(Beginning of Source material)

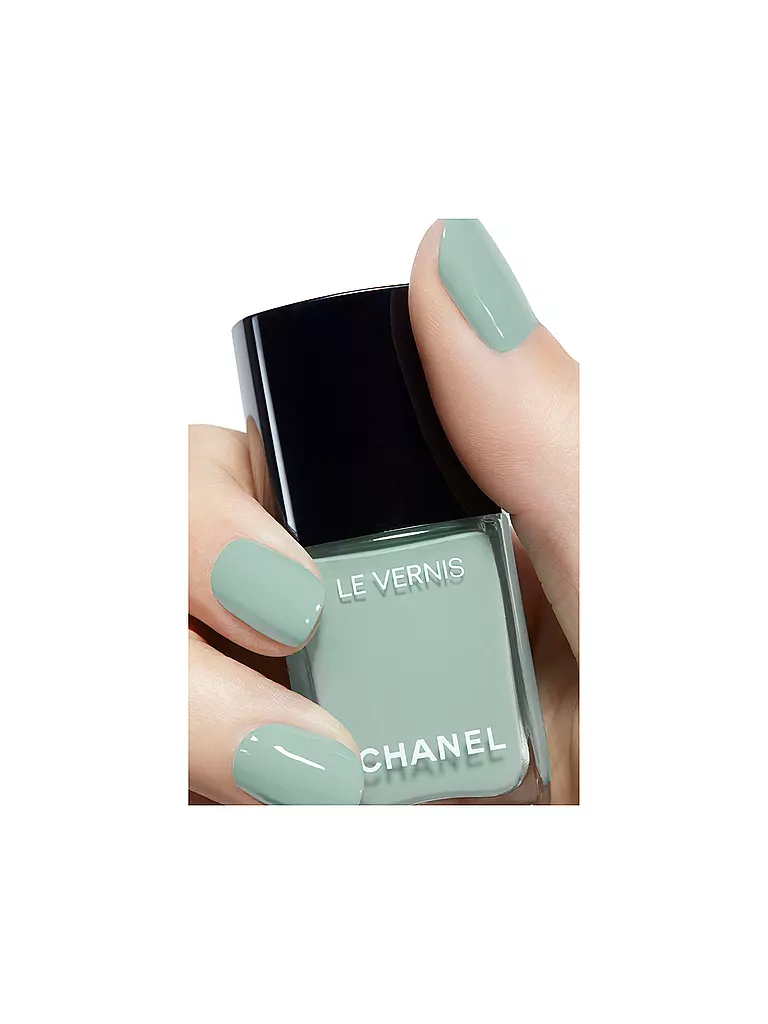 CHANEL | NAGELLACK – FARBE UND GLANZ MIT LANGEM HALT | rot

(End of Source material)
(Beginning of Source material)

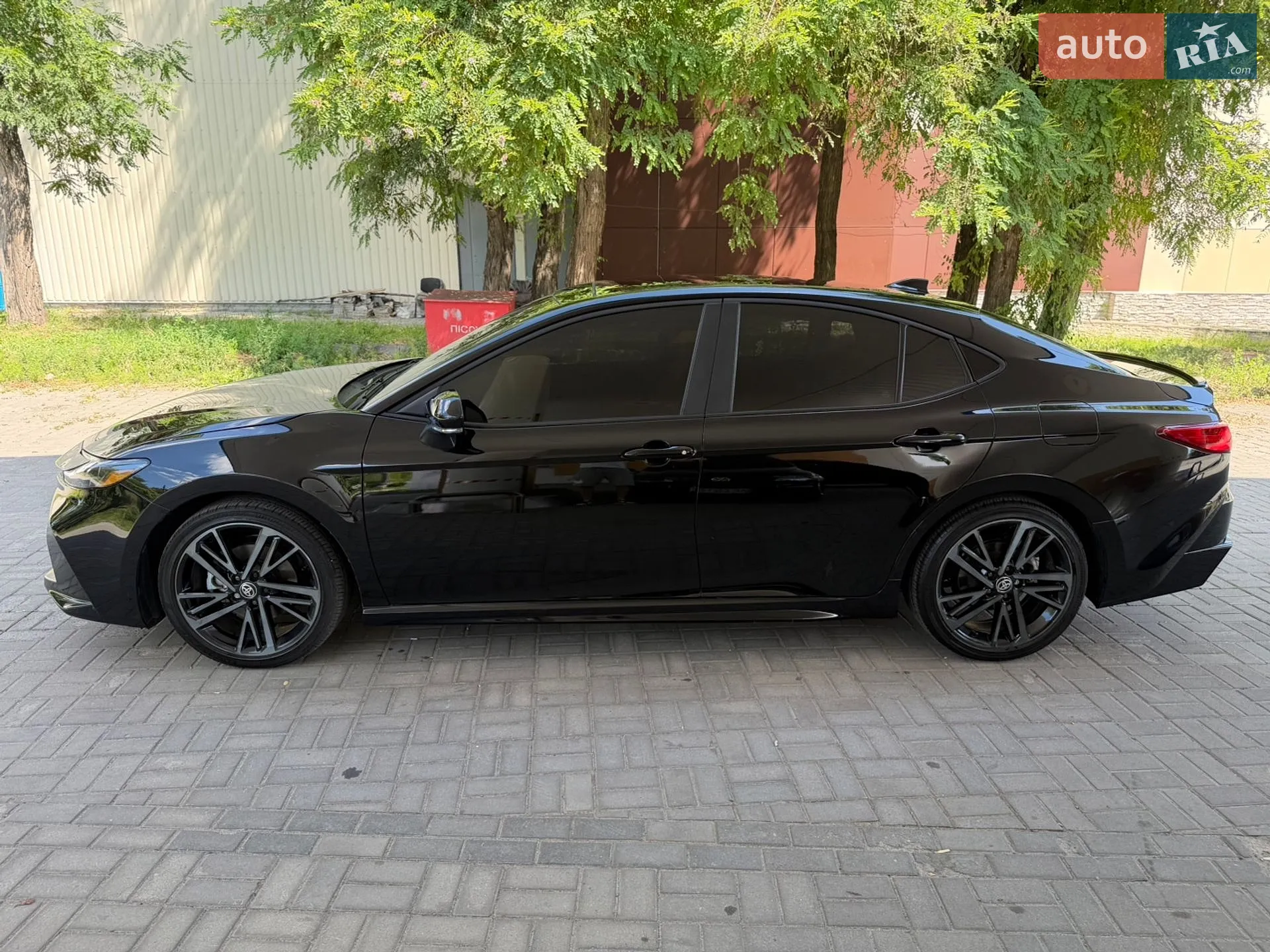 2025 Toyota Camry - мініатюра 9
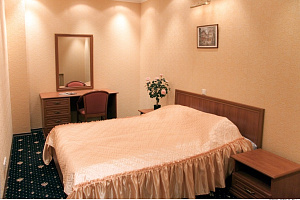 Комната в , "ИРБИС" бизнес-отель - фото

(End of Source material)
(Beginning of Source material)

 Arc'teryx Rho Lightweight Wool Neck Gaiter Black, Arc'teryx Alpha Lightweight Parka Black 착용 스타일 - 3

(End of Source material)

Above, find the line with "2025 Toyota Camry - мініатюра 9"; copy it and every line down to the line with "бизнес-отель - фото", exactly and both included, but no pictures.

 2025 Toyota Camry - мініатюра 9
 Комната в , "ИРБИС" бизнес-отель - фото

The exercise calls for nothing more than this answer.